Well, no we can't actually, because SEXP-MAP needs to be called with two arguments, and MAP will only give it the one. To get around that, we use a helper procedure F of one argument:
(define (sexp-map op sexp)
(define (f x)
(if (list? x)
(map f x)
(op x)))
(f sexp))
F winds up doing all the real work. SEXP-MAP is reduced to being a facade that's easier to use for the programmer.
It sounds like what you want is to find each integer in the s-expression, then double it, while keeping the rest of it the same.
If you're not aware, s-expressions are just lists that may happen to contain other lists, and it makes sense to deal with them in levels. For instance, here's a way to print all the values on level one of an s-expression:
(define (print-level-one sexp)
(display (car sexp))
(print-level-one (cdr sexp)))
This will end up calling display on the car of every part of the s-expression.
You could do something similar. You'll need the functions integer? and pair? to check whether something is an integer, which should be doubled, or another list, which should be treated just like the top-level list.
(Note: I'm being deliberately vague because of the comment about homework above. If you just want the answer, rather than help figuring out the answer, say so and I'll change this.)
An Sexp of numbers is one of
-- Number
-- ListOfSexp
A ListOfSexp is one of
-- empty
-- (cons Sexp ListOfSexp)
So, you'll need one function to handle both of those data definitions. Since the data definitions cross-reference each other, the functions will do the same. Each individual function is pretty straight forward.
(define (double E)
(cond ((null? E) '())
((list? (car E)) (cons (double (car E)) (double (cdr E))))
((number? E) (list E))
(else (cons (* 2 (car E)) (double (cdr E))))
))
(map (lambda (x) (* x 2)) '(1 2 3 4 5)) => '(2 4 6 8 10)

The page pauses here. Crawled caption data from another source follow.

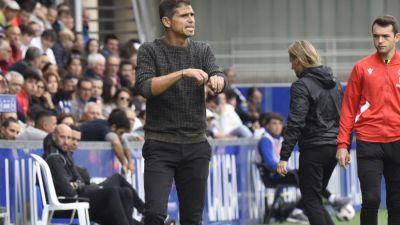 Antonio Hidalgo da instrucciones a sus jugadores durante el duelo ante el Elche.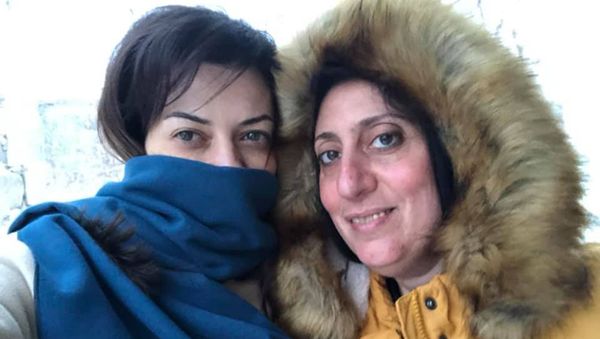 Анна Акопян с подругой - Sputnik Արմենիա
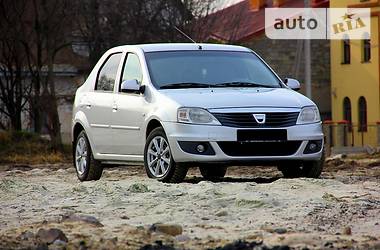 Седан Dacia Logan 2008 в Львове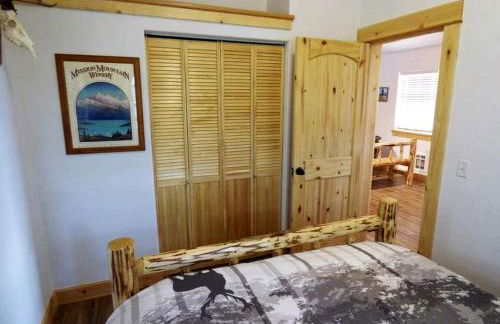 Inviting Family-Friendly Cabin Rental for Four on Flathead Lake in Montana - Foto 12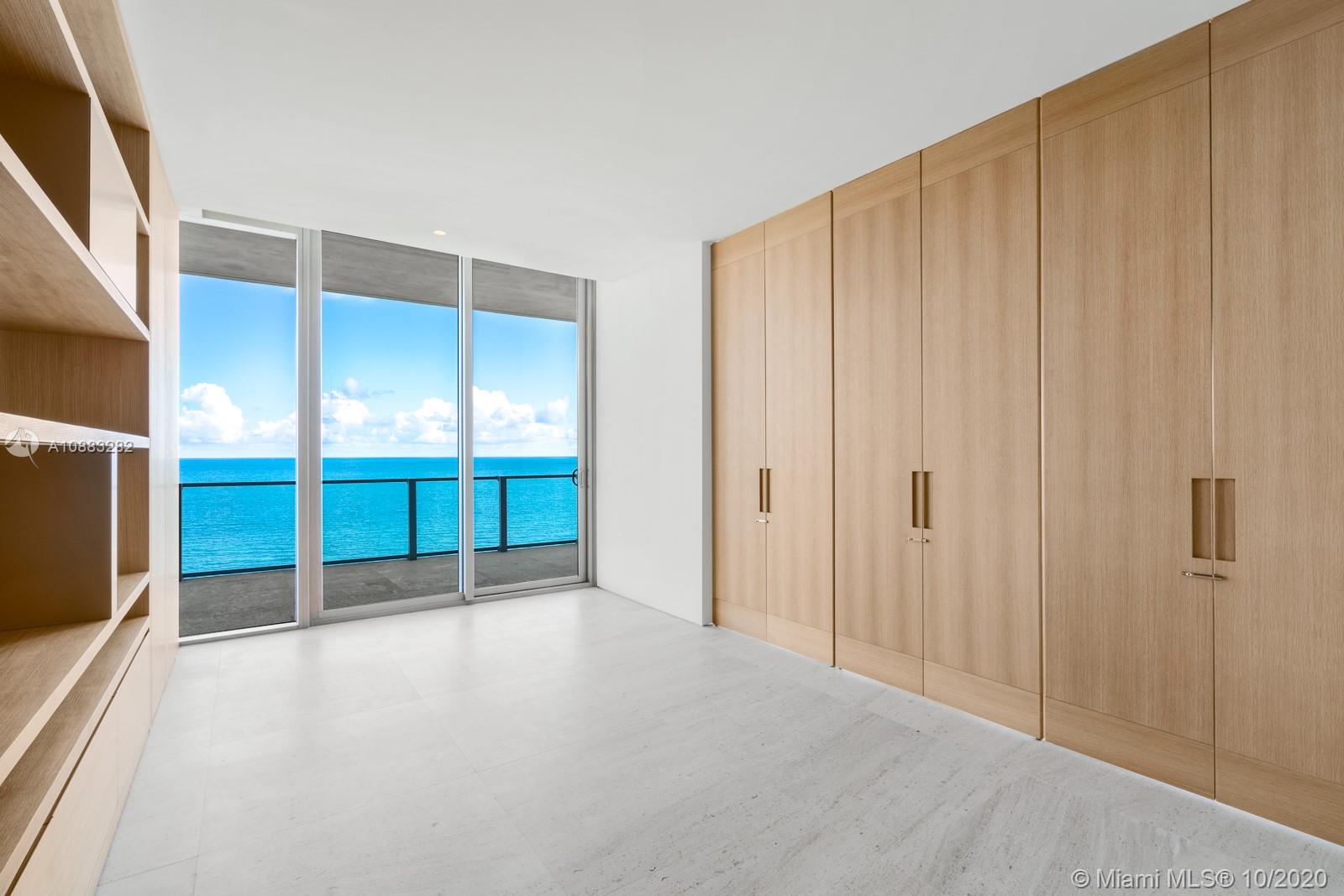 360 Ocean Drive, Unit PH1S Key Biscayne, FL 33149 - Photo 20 of 30 a view of an empty room with glass door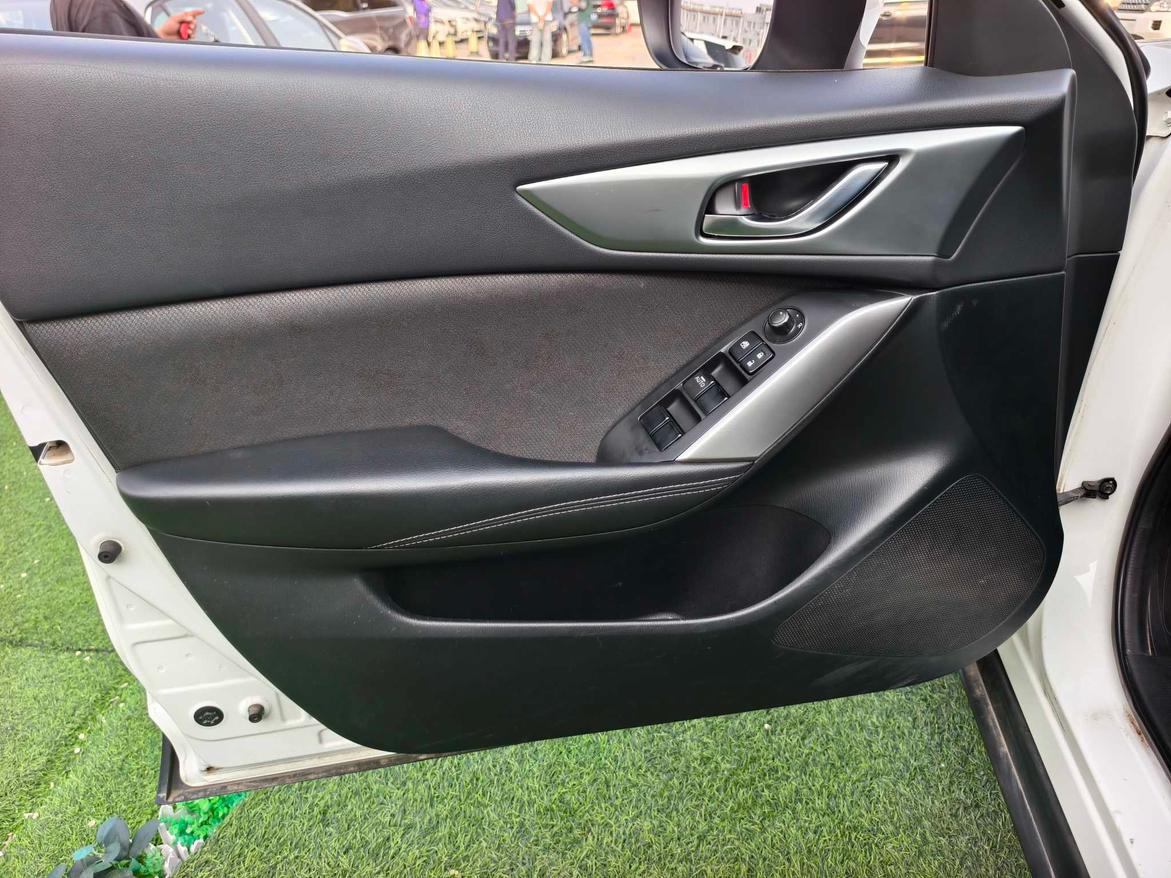 Mazda CX-4 2016 thumb 9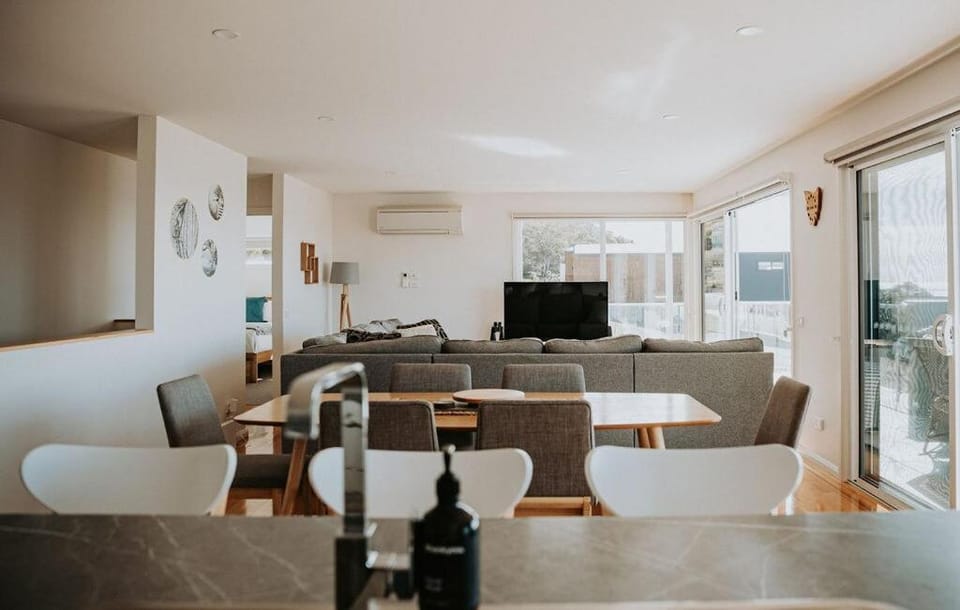 The ultimate family getaway - Waubs Rest House in Bicheno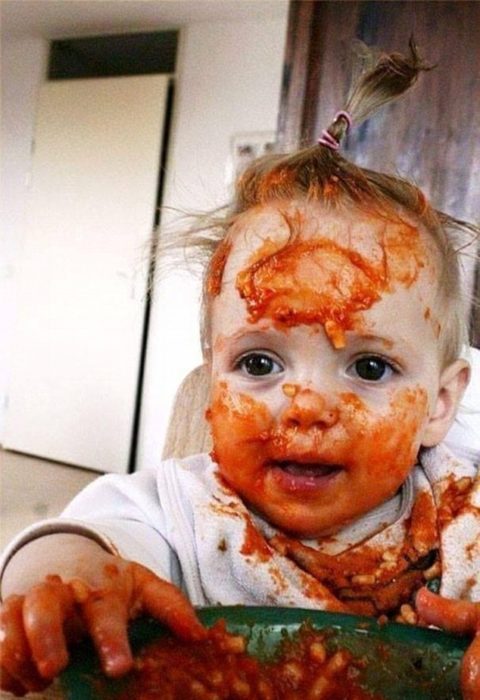 Niña llena de comida en la cara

What does it do? (lambda (x) (* x 2)) takes a number and doubles it, and map applies that function to every element of a list.
Edit: Oh, but it won't go into trees.
(define double
(lambda (x)
(cond ((null? x) (list))
((list? (car x)) (cons (double (car x)) (double (cdr x))))
(else (cons (* 2 (car x)) (double (cdr x)))))))
EDIT
Fixed this. Thanks to Nathan Sanders for pointing out my initial oversight concerning nested lists.